Ele mesmo me contou que, quando
criança, juntamente com outros meninos, munidos com lamparinas ou pequenas
lanternas, se embrenhava na mata à caça de pequenos animais, atento à possível
presença e consequente perseguição daquele perigoso serzinho.
Curiosamente, mais tarde, herdaria uma
pequena propriedade situada em Aratuba, denominada “Sítio Caipora”. Ao
perguntar ao seu tio Antônio – mais conhecido como “Toinho Caipora” – o porquê
do nome da fazendola, ele respondeu que seu pai, quando adquiriu aquele terreno
em 1850, garantia que por lá a Caipora já morava, o que resultaria durante anos
no grande consumo de alho, pedaços de fumo e muita cachaça!
Eu também, desde pequeno, por meio das
leituras de Lobato, me encantei – e fui encantado – por essas lendas e
personagens da mitologia folclórica fortemente influenciada pelas contribuições
indígenas, africanas e europeias que refletem a nossa vasta diversidade
cultural. O fato de sobreviverem e resistirem ainda nos dias atuais deve-se,
prioritariamente, aos coloridos canais da oralidade, marca de nossa cultura
ágrafa sertaneja, mesmo quando temos ciência de que muitas dessas lendas fantásticas
foram criadas com o objetivo de impor alguma moral e/ou para “conter os filhos
mais danados” com o emprego do recurso do medo: Quibungo (Bahia), Papa-Figo,
Barba Ruiva (Piauí), Cabra Cabriola (Pernambuco), Alamoa (Fernando de Noronha),
o Cabeça de Cuia, a Mãe da Mata etc.
Por se tratar de uma lenda brasileira,
encontramos variações regionais da Caipora. Entre elas, em vez do menininho,
uma indígena pequena, muito forte e peluda, com cabelos longos e avermelhados.
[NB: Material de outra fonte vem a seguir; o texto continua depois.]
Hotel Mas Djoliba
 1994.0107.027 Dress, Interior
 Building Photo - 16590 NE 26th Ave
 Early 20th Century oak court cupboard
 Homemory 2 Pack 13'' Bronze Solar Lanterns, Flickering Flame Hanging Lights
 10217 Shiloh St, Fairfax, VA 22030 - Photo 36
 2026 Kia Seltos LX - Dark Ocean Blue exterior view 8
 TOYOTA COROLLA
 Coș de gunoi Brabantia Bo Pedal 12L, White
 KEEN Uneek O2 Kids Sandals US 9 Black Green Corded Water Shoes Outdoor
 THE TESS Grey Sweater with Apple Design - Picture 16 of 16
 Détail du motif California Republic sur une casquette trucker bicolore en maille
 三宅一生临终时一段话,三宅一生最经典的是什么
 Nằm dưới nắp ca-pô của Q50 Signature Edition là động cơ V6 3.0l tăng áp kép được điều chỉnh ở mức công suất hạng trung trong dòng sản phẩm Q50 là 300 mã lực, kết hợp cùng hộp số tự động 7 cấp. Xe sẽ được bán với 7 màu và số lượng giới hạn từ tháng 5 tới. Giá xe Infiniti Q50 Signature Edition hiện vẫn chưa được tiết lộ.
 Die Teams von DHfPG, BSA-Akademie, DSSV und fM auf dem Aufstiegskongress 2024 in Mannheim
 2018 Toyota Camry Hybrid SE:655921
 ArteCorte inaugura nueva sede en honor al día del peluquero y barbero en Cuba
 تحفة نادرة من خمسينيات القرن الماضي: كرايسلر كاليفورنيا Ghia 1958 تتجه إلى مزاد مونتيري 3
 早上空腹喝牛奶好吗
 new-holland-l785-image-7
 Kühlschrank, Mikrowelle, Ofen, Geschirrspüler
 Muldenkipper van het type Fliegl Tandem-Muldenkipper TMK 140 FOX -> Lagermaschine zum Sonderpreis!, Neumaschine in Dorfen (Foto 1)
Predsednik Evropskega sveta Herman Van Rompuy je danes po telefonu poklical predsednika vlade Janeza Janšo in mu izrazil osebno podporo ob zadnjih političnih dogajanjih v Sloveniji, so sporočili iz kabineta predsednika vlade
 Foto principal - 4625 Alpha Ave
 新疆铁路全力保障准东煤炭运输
Em algumas versões, ela persegue homens que adentram a mata e se relaciona sexualmente
com eles, impondo-lhes fidelidade eterna que, se rompida, resulta em morte do
traidor. Em versões latino-americanas, a Caipora é um ancião indígena com poder
de ressuscitar animais mortos ou tomar a forma de cães ou porcos. Ademais, é
comum no Brasil associar a Caipora ao infortúnio. Ou seja, quando se está numa
maré de azar, se diz: “está com a Caipora”. Assim, “pela cachaça de graça que a
gente tem que engolir”, salve Jeovah Mendes e a sua Caipora.